市場課題|光を使うがん治療は、光源を届けられる経路で適応が決まる

光治療の適応は経路で決まる
光線力学療法(光に反応する薬剤を投与し、レーザー光を当ててがん細胞を壊す治療)を使える病気の範囲は、薬剤の効き目よりも光源を運べる経路で決まります。国内では早期の肺がんや食道がんで内視鏡から、原発性の悪性脳腫瘍では開頭手術中に照射する形などで保険診療に使われてきました。経路を確保しにくい膵臓のような臓器では、薬剤が効く仕組みがあっても治療の選択肢が増えにくい状況です。
体の中からでも光を運びにくい
体の中から当てる方法でも、光が届く範囲は限られます。内視鏡や針を使う照射でも、光が及ぶのは管の内側や針の周りです。離れた光源から光ファイバーで送る方式でも、長い経路を通るあいだに減衰が生じ、奥の臓器へ十分な量を届けにくいままです。
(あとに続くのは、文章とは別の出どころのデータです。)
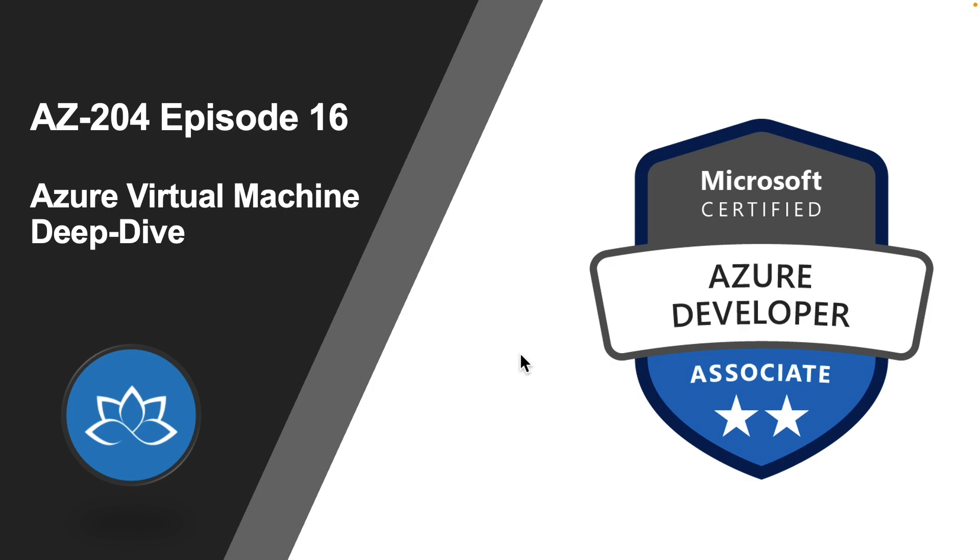So that concludes this lesson. In the next lesson, we are going to learn about Azure virtual machine and we are going to go a little deep dive into things we haven't discussed so far. So I will see you on the next one. Until then, take care.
他にも、体内に届いた光の量を確かめにくいこと、照射中に組織が温まること、扱える医療機関が限られること、といった課題があるといわれています。
- 光線力学療法光に反応する薬剤を投与したうえで病変にレーザー光を当て、その部位のがん細胞を選んで壊す治療法を指す。日本では早期の肺がんや食道がん、原発性の悪性脳腫瘍などで保険診療に使われている。